-------- Information supplied
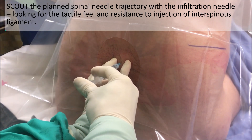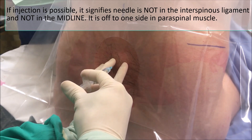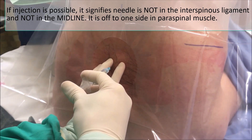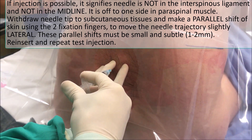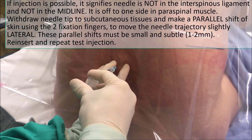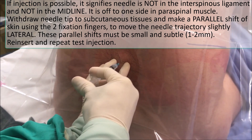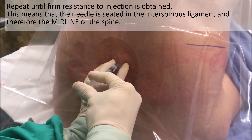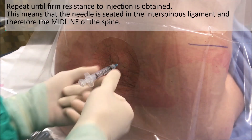Now I'm going to see if I can find the ligament. I can inject, so now I have to come back to the skin and shift the skin over left and go back in again — it's still injectable. Let's shift it to the right; feels a little bit more firm now, and now I cannot inject. So the true midline is a little bit to the right.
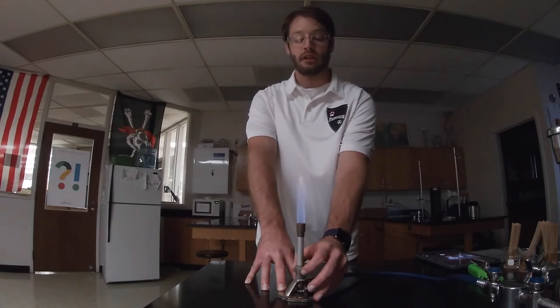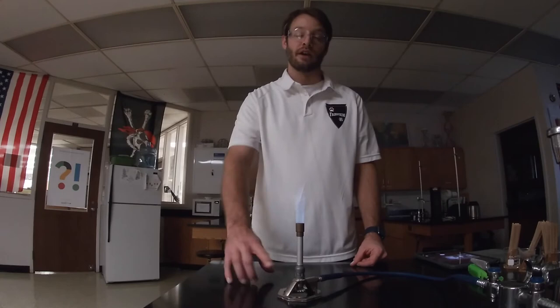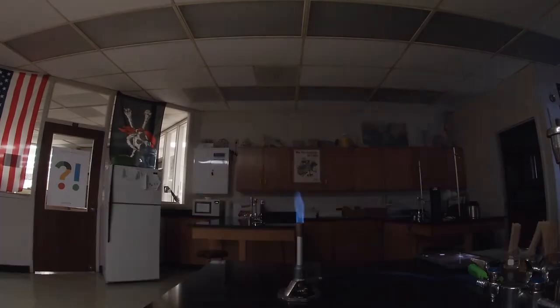As I turn the chimney, you'll see that the flame becomes less orange, less luminous, and more blue. Once I turn it so that it's letting in enough air, we get a blue flame. You'll notice this flame does not have any orange in it. I can also adjust the size of this blue flame by turning the valve on the bottom to adjust the flame size.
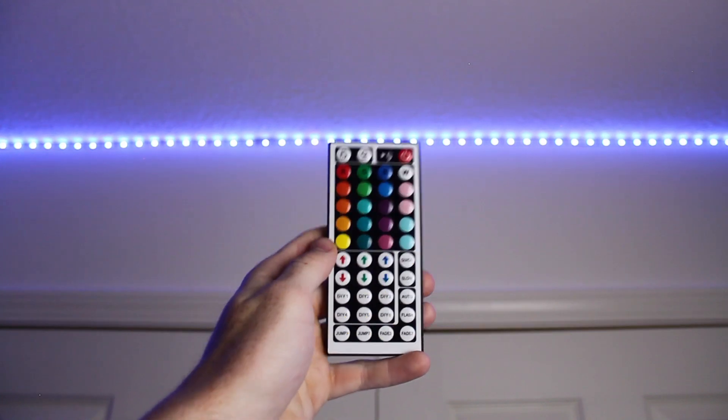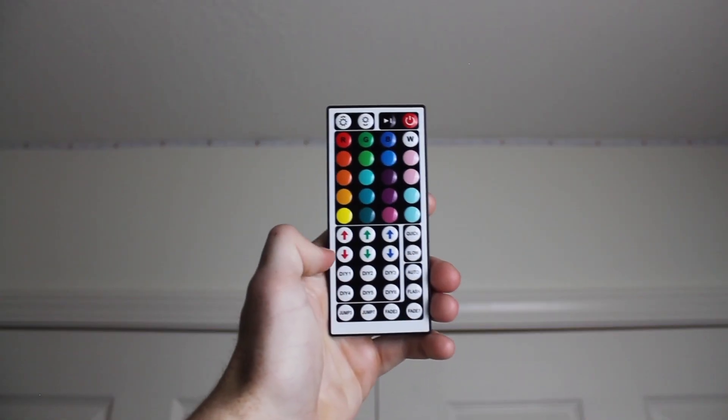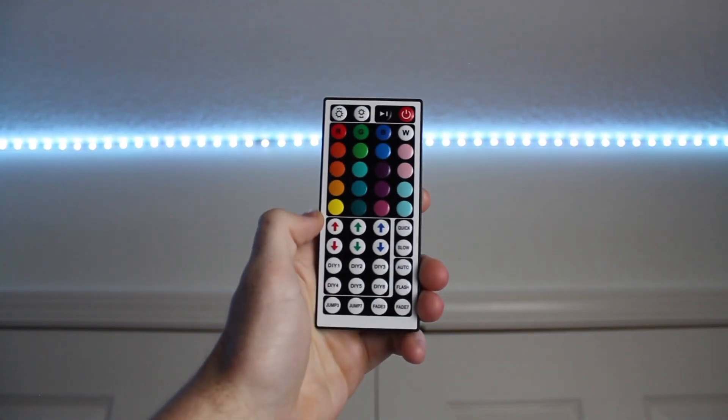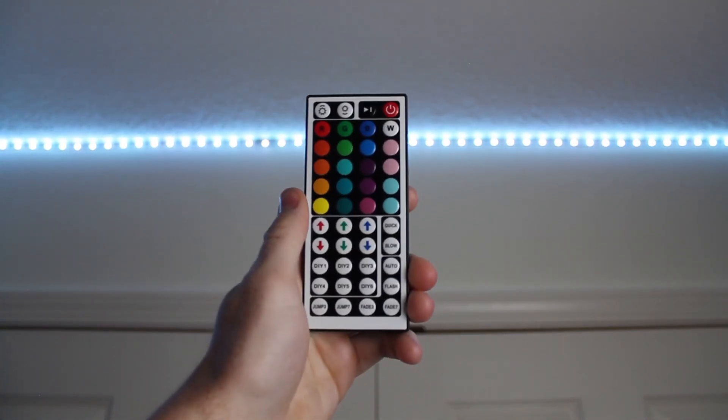Here's how to make Golden State Warriors blue on LED light strips. So when you first click on a DIY preset, it's going to come out as white. This is because each of the colors — red, green, and blue — are turned all the way up.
----------------
Output the listing above exactly, excluding all pictures.

#### Response
Now I'm going to see if I can find the ligament. I can inject, so now I have to come back to the skin and shift the skin over left and go back in again — it's still injectable. Let's shift it to the right; feels a little bit more firm now, and now I cannot inject. So the true midline is a little bit to the right.
As I turn the chimney, you'll see that the flame becomes less orange, less luminous, and more blue. Once I turn it so that it's letting in enough air, we get a blue flame. You'll notice this flame does not have any orange in it. I can also adjust the size of this blue flame by turning the valve on the bottom to adjust the flame size.
Here's how to make Golden State Warriors blue on LED light strips. So when you first click on a DIY preset, it's going to come out as white. This is because each of the colors — red, green, and blue — are turned all the way up.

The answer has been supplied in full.